E. Stanley Jones, a great Methodist author, and evangelist to India relates a story of an evangelist and his colleague touring through a remote part of India. They hired an Indian coolie to carry their luggage and overloaded him. As they journeyed, they felt the need to preach the gospel to him. The coolie listened patiently for some time, and then he suddenly stopped, threw down the load and said, “You pile such a load as that on me, and then you preach such things to me!”The evangelist knew he was right, divided up the burden among them, and then as they walked along sharing common burdens, they could share a gospel for the heavy laden.

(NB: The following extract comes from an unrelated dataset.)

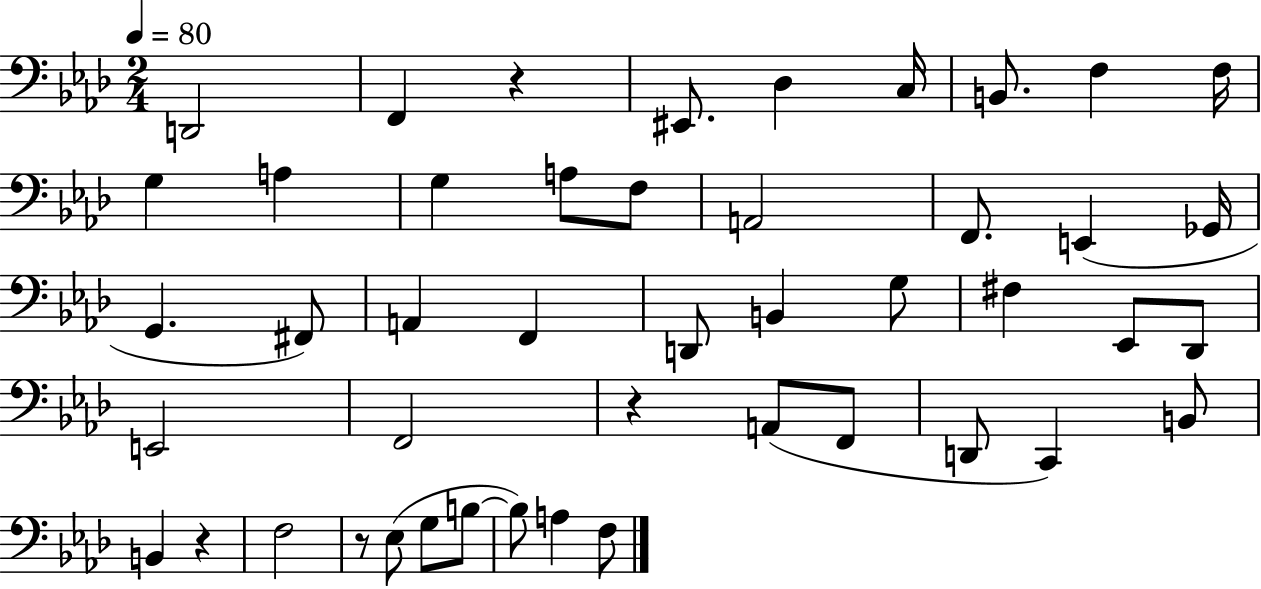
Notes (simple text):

D2/h F2/q R/q EIS2/e. Db3/q C3/s B2/e. F3/q F3/s G3/q A3/q G3/q A3/e F3/e A2/h F2/e. E2/q Gb2/s G2/q. F#2/e A2/q F2/q D2/e B2/q G3/e F#3/q Eb2/e Db2/e E2/h F2/h R/q A2/e F2/e D2/e C2/q B2/e B2/q R/q F3/h R/e Eb3/e G3/e B3/e B3/e A3/q F3/e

Many people in southeast South Dakota feel as though the load is impossible to bear these days. With the recent downpour of flooding rain and tornadoes, some are feeling ready to give up.

A gate to a hayfield near Mitchell, SD, on Sept. 11, 2019. Photo by Dave Stucke, Dakotas Conference.
But here is the Good News. I am already hearing of individuals and congregations who are taking on some of the burdens and walking alongside these heavy laden. In disaster comes an opportunity to be the body of Christ. I want to offer this prayer for the United Methodist congregations and leaders this weekend:“Our gracious and compassionate God. We have prayed Sunday after Sunday, “Thy Kingdom Come, and Thy Will Be Done…” Make that prayer reality for us as we seek to be servants to others just as you have served us. Whether it’s showing up with a chain saw a loaf of bread or a word of encouragement. We are walking through a moment in time where your church can shine some hope into weary and discouraged souls. We pray for protection, strength, and even joy on those who have had one more weight put on their shoulders. May our neighbors see “Thy Kingdom Come” as we walk alongside them as witnesses of the living hope of Jesus Christ. Amen.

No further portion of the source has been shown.